* [Exercise description]:
Pictures in the listing below are skipped, while the lines from the "5515 Birchview Rd, Racine, WI 53402 - Photo 7" line through the "MERCEDES-BENZ GLA 200 Night Star 7G-DCT" line are returned word for word.
--- Data extracts Enclosed Below ---
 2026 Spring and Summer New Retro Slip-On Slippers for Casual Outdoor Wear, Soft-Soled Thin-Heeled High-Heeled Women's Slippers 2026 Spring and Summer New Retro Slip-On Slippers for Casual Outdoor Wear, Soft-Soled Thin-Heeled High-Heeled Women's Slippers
--- End of Enclosed Data extracts ---
--- Data extracts Enclosed Below ---
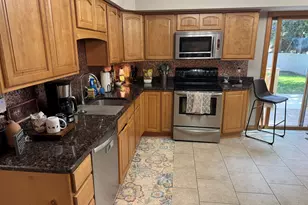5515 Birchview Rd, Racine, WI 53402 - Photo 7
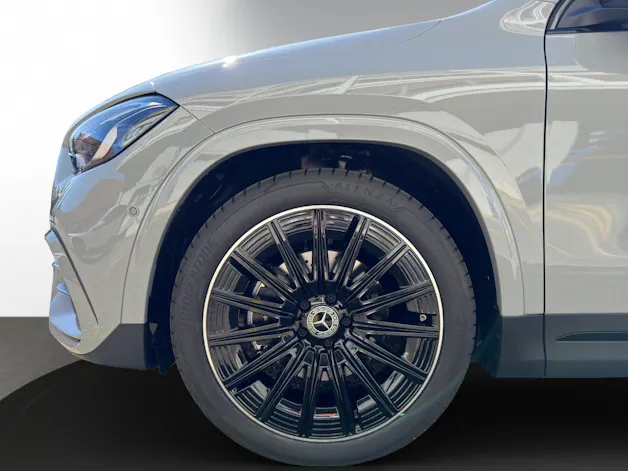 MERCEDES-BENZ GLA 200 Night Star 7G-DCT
--- End of Enclosed Data extracts ---
* [Answer area]:
5515 Birchview Rd, Racine, WI 53402 - Photo 7
 MERCEDES-BENZ GLA 200 Night Star 7G-DCT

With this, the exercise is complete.